On 24th January 1947 at the young composers' society DUT he and the singer Jolanda Rodio premiered Ten Japanese Woodcuts. His music was in general not particularly well received; nor was his Piano Sonata, which he gave its first performance at the beginning of 1948. In the autumn of 1948 he accepted the consequences. With grant support from among others the Danish Composers' Society and the Hjerl Foundation, he arrived on 22nd November in Paris to study in Arthur Honegger's composition class at the École Normale and to attend Olivier Messiaen's analysis courses at the Paris Conservatory. On the way he gave concerts in Karlsruhe in Germany and had encouraging comments about his compositions from the conductor Hans Rosbaud in Baden-Baden.
The encounter with Paris, with new musical idioms - not least Olivier Messiaen's Technique de mon langage musicale and Edgar Varèse's music - made a strong impression and led to artistic collaborations with new people and friendships with musicians and composers like John Cage and above all Jean Étienne Marie. Berg put some of his earlier works behind him or took them up for revision. With Suite for Cello from 1950 he composed his first 12-tone work, and with Cosmogonie from 1952 and Filandre from 1953 he created his first consistently serial compositions, where all the parameters of the music are totally subjected to the serial method of writing.
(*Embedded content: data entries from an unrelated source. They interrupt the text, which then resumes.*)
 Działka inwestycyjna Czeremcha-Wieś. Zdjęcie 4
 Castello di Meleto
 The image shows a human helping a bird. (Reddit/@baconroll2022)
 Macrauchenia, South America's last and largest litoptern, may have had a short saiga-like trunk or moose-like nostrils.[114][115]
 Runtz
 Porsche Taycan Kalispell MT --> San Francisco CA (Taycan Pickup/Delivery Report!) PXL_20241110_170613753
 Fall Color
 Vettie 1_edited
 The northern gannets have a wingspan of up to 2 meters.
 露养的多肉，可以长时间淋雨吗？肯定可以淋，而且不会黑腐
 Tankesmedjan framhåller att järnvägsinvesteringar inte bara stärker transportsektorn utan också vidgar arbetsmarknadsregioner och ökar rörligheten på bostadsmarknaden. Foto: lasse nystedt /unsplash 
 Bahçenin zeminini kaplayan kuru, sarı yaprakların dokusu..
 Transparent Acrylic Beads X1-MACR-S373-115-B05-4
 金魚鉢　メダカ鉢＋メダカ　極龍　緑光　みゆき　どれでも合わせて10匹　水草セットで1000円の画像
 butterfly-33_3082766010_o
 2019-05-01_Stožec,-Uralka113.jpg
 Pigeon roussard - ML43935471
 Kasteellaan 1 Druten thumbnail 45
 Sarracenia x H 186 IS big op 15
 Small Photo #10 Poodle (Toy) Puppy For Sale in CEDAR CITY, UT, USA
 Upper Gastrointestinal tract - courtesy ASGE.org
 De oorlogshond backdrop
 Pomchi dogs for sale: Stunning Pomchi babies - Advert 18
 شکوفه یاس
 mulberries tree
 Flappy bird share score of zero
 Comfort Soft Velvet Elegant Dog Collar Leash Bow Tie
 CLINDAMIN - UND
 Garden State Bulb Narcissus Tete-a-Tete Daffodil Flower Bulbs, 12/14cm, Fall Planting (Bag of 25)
Several of Berg's compositions were performed in radio-broadcast concerts in Paris, and in a concert of 19th April 1951 at the École Normale the pianist Béatrice Duffour performed his Piano Sonata. The meeting between composer and pianist led to marriage in 1952, and the same year the couple visited the famous summer courses for contemporary music in Darmstadt together. His meeting with Karlheinz Stockhausen and Pierre Boulez confirmed Gunnar Berg in the validity and relevance of his own musical experience, which led in 1954 to Volume 1 of the large piano work Éclatements and the piano concerto Essai acoustique. A number of concert tours and radio recordings took the couple around Europe, in 1957 with support from the French Foreign Ministry to Germany and Scandinavia with Scandinavian first performances on the programme.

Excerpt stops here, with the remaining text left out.